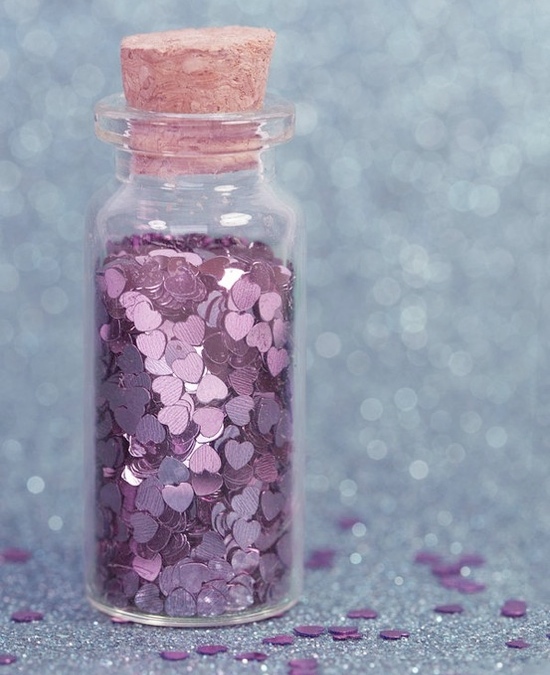 glitter in a jar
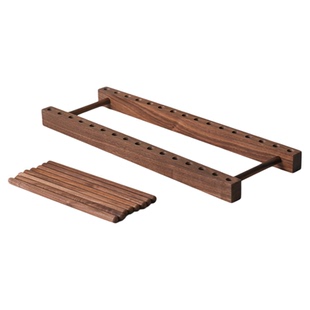 黑胡桃木桌面书架木质立式分层文件收纳实木书房办公桌书立置物架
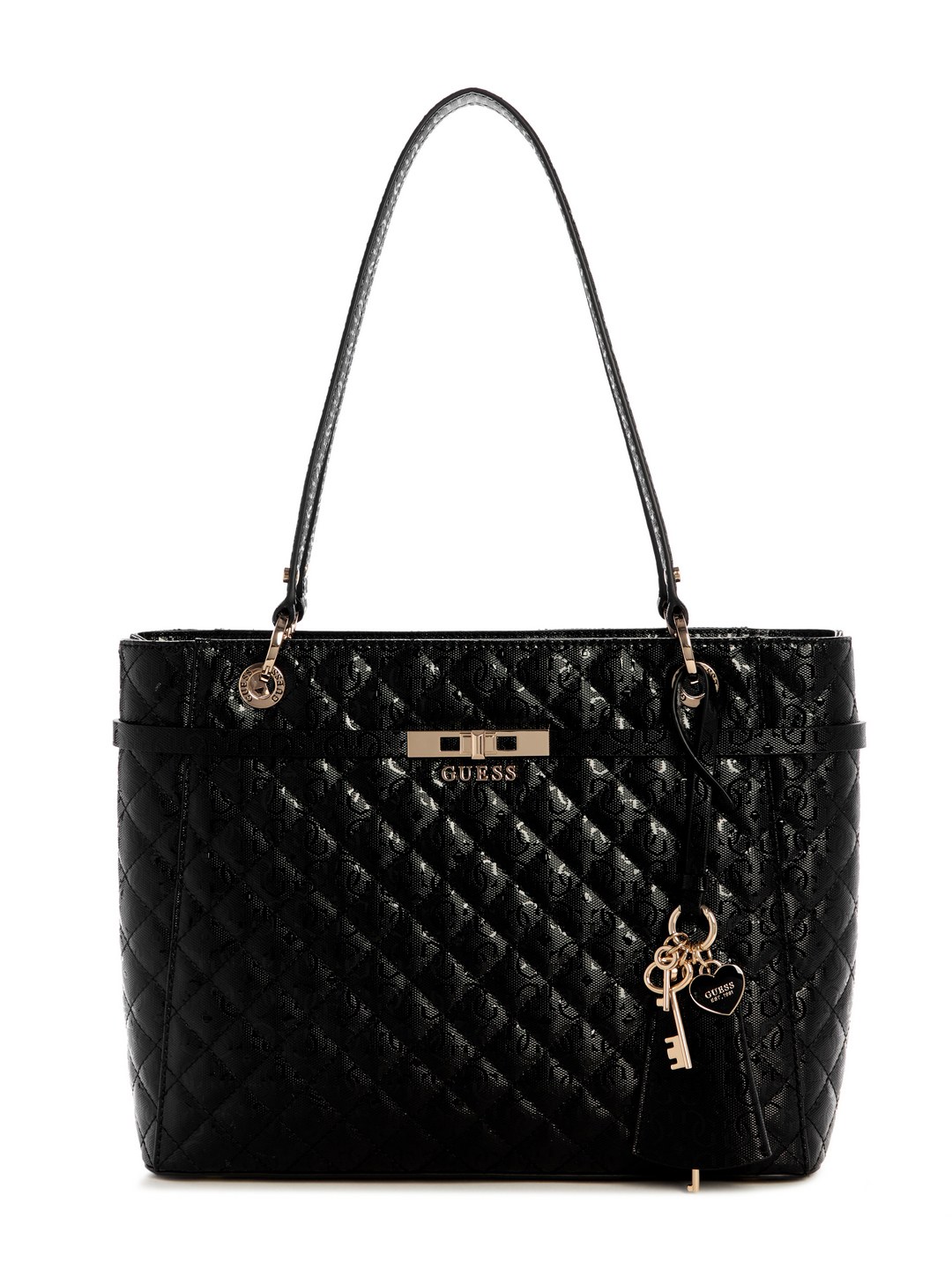 Black Quilted Idra Noel Tote Bag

Work instructions: Everything in the listing should be copied exactly, apart from the images it holds.

Solution below:
 glitter in a jar
 黑胡桃木桌面书架木质立式分层文件收纳实木书房办公桌书立置物架
 Black Quilted Idra Noel Tote Bag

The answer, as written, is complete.